== WORK ITEM ==
The output should be the listing below, limited to the lines from the one with "Rattan Arched Cabinet" through the one with "Messi And Neymar", exact and without pictures.

== EXCERPTED RECORDS ==
----

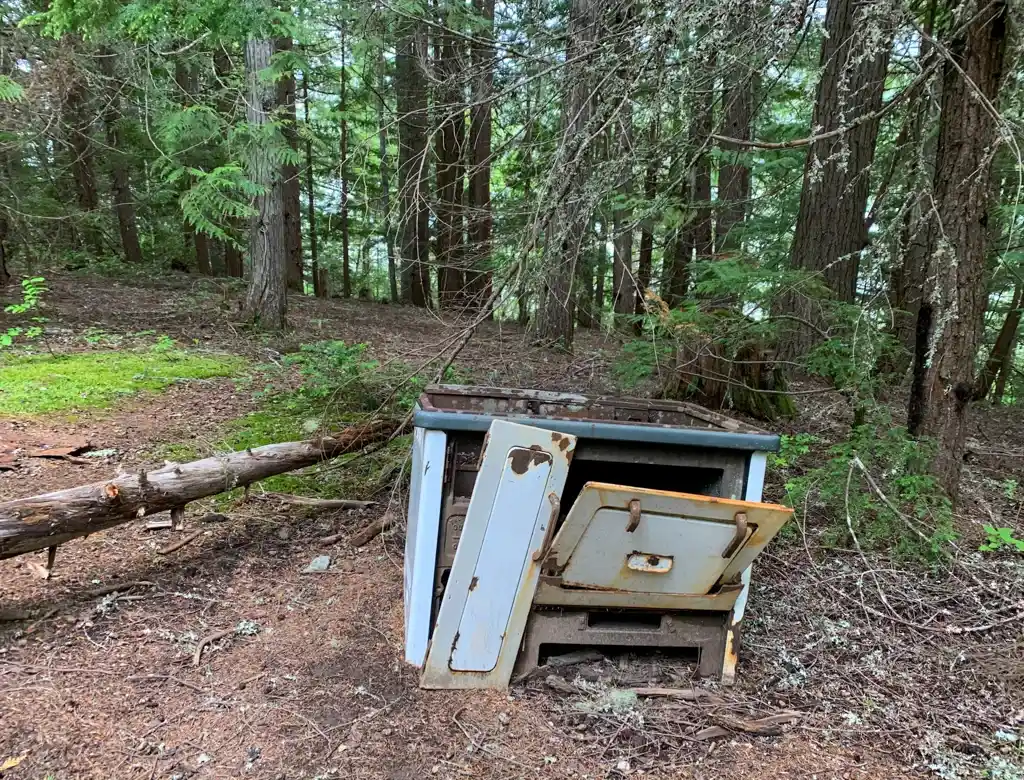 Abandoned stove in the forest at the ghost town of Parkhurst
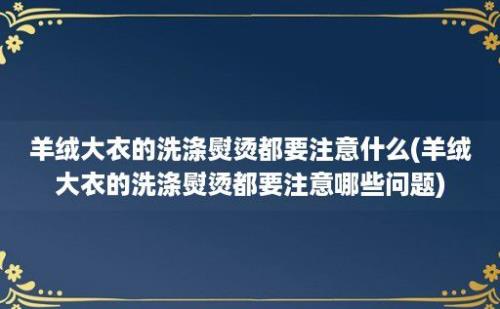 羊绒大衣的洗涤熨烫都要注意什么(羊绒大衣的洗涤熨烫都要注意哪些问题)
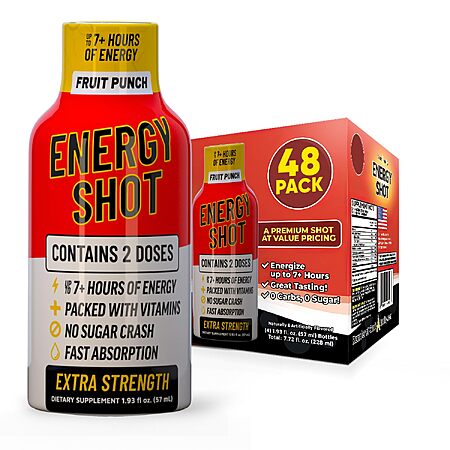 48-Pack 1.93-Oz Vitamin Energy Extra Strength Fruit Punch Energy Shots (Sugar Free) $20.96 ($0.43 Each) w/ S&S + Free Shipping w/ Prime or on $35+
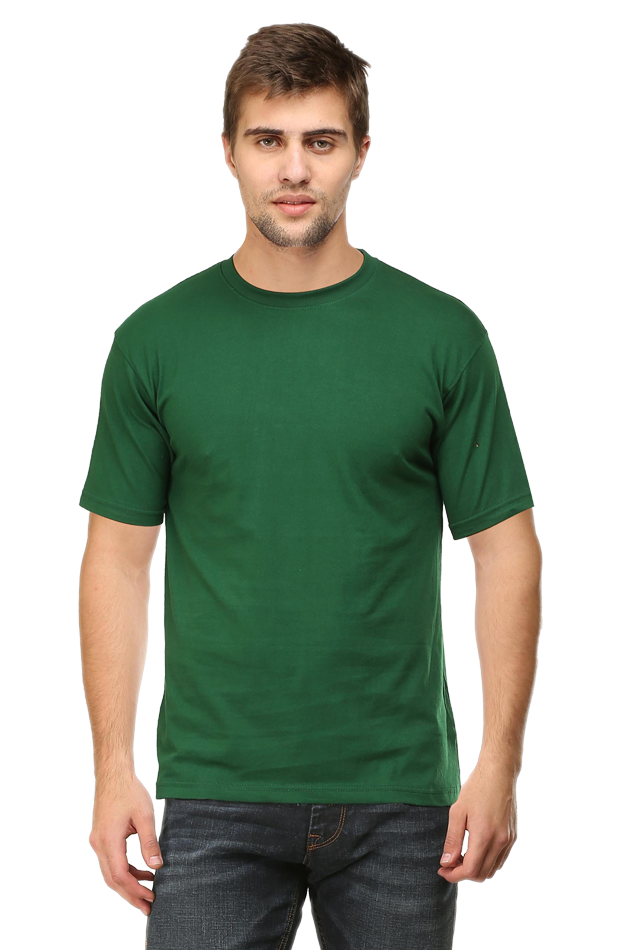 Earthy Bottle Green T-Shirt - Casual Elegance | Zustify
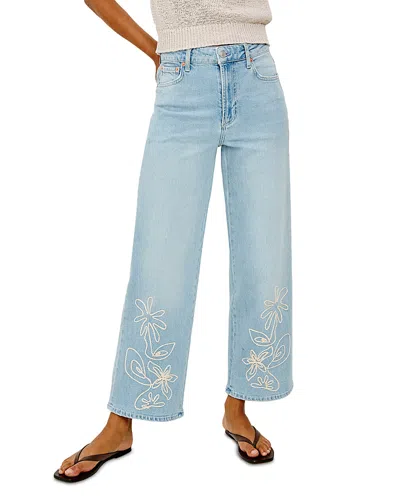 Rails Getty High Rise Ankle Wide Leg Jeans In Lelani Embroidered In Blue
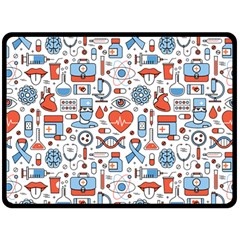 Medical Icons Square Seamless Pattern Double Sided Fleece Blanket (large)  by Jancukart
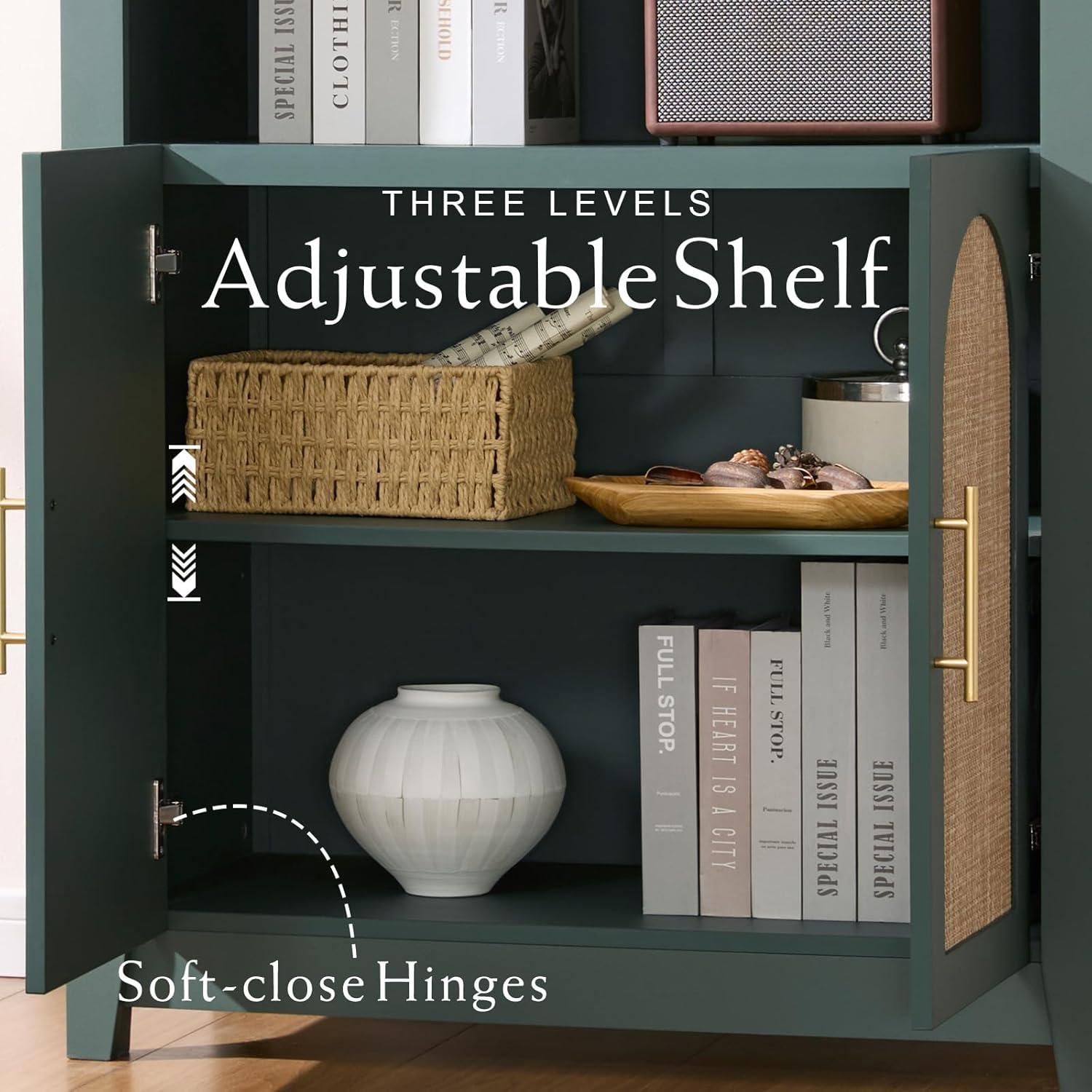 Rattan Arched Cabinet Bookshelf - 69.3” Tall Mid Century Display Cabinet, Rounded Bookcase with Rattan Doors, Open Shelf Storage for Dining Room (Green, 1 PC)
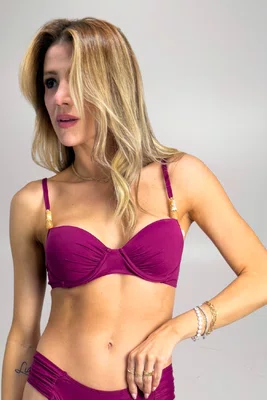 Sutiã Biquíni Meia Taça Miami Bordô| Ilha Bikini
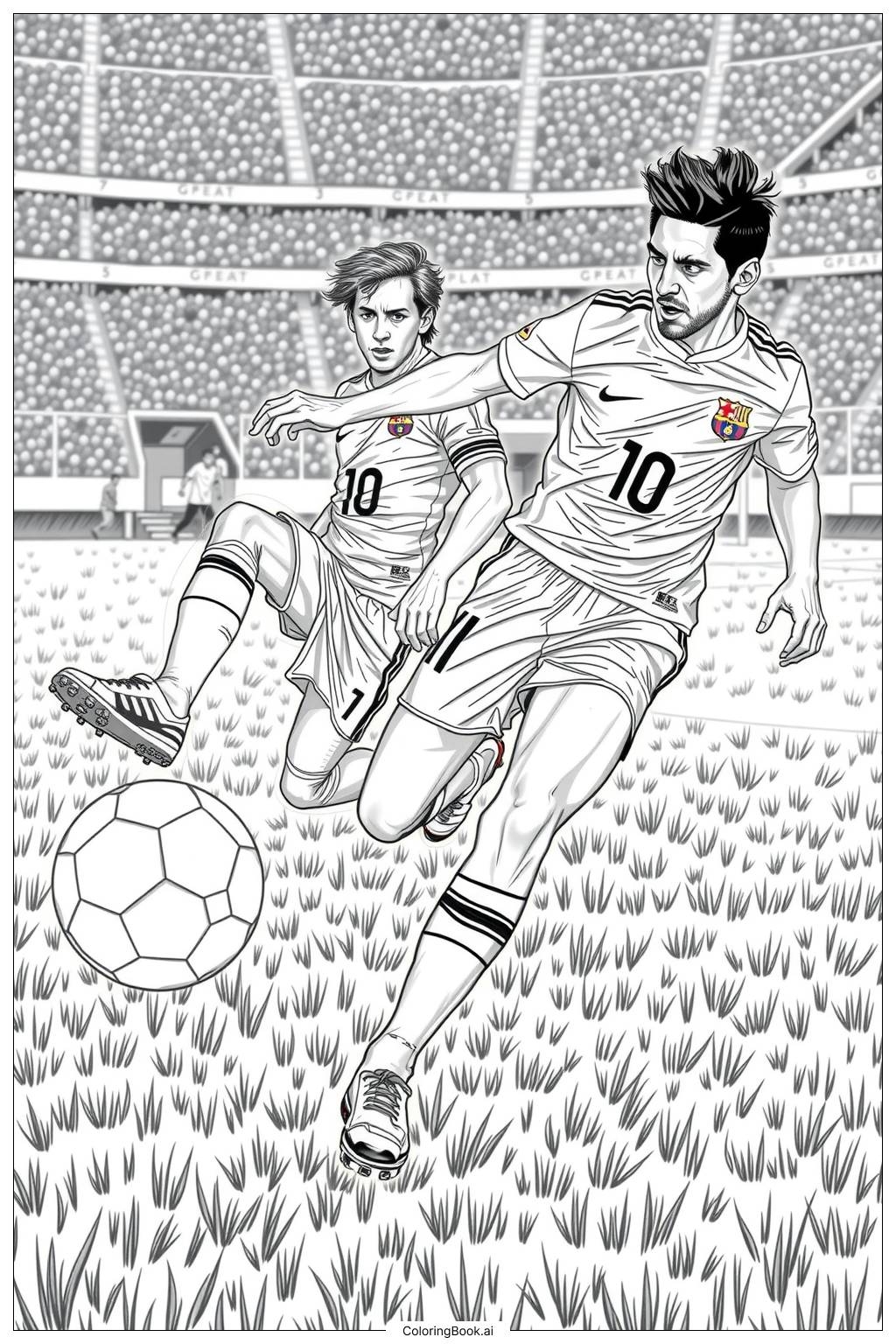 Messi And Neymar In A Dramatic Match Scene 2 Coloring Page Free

----

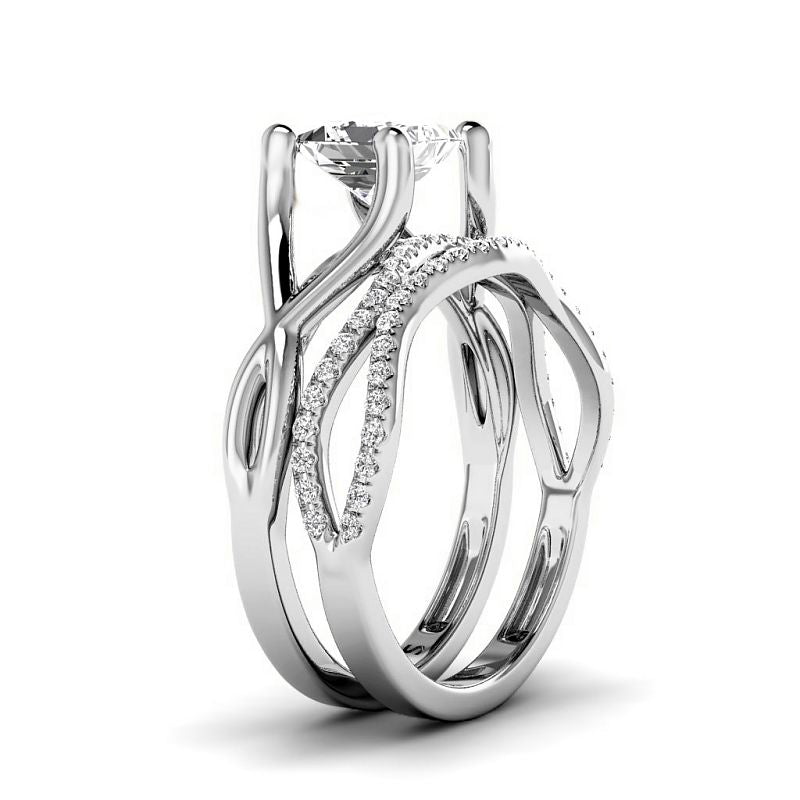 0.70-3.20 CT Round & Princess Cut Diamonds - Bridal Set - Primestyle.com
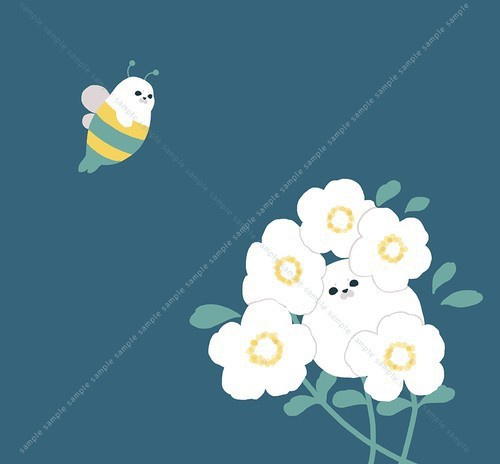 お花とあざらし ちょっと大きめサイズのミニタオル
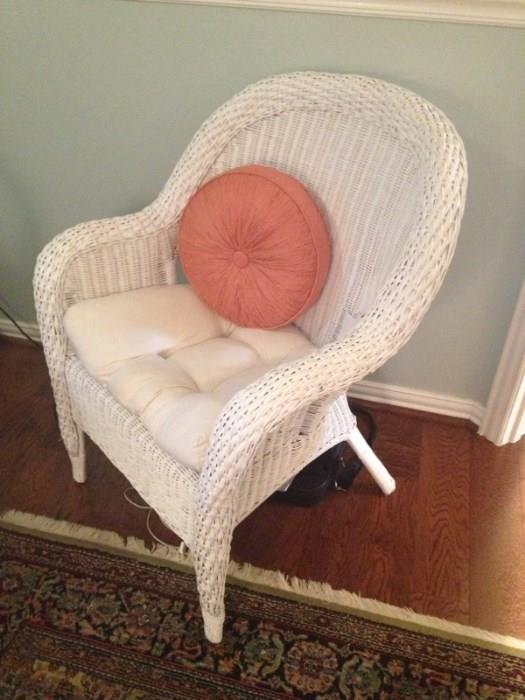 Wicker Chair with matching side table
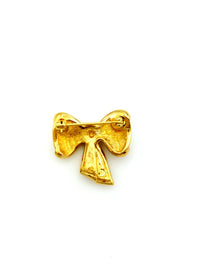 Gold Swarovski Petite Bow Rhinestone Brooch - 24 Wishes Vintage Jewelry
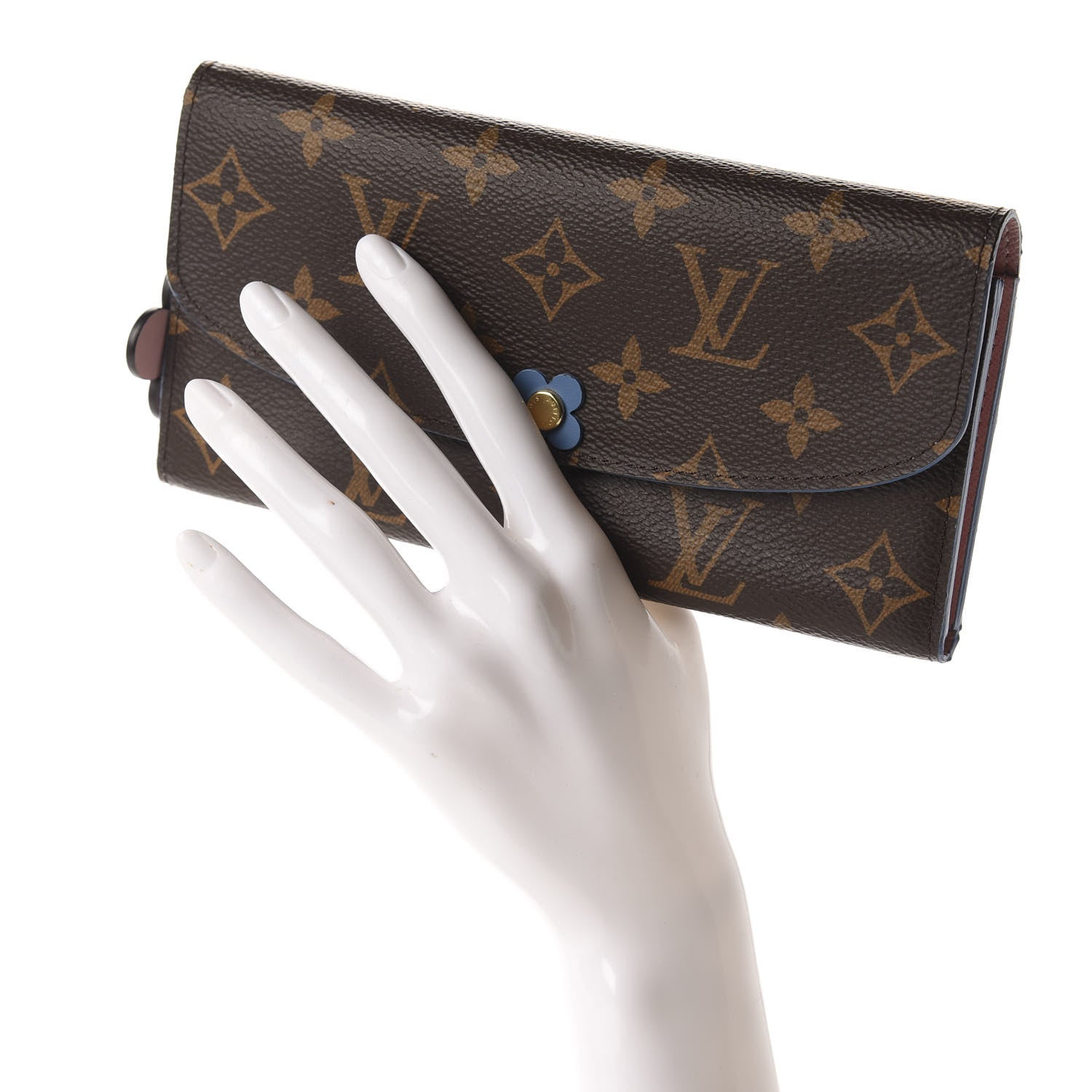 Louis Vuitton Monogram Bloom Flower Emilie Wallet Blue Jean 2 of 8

----

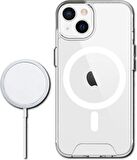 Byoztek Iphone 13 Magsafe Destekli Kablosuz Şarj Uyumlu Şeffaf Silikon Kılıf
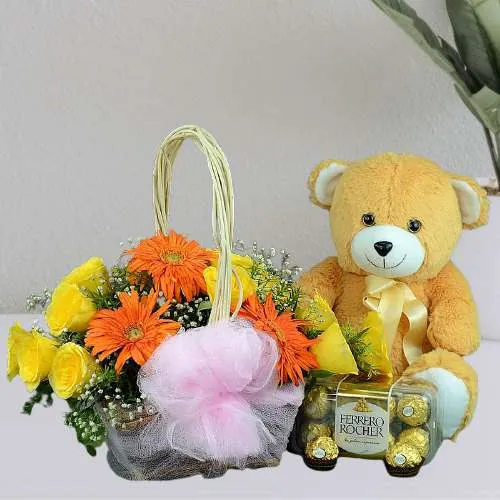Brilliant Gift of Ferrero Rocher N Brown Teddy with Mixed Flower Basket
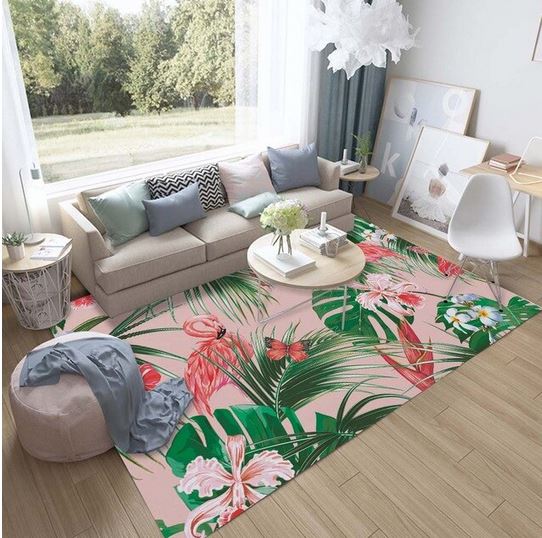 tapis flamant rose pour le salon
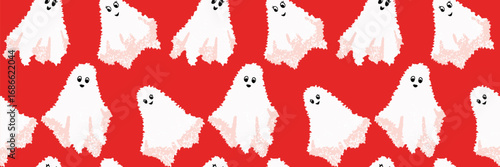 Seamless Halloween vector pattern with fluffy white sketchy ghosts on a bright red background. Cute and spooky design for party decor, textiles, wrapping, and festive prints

----

== EXERCISE OUTPUT ==
 Rattan Arched Cabinet Bookshelf - 69.3” Tall Mid Century Display Cabinet, Rounded Bookcase with Rattan Doors, Open Shelf Storage for Dining Room (Green, 1 PC)
 Sutiã Biquíni Meia Taça Miami Bordô| Ilha Bikini
 Messi And Neymar In A Dramatic Match Scene 2 Coloring Page Free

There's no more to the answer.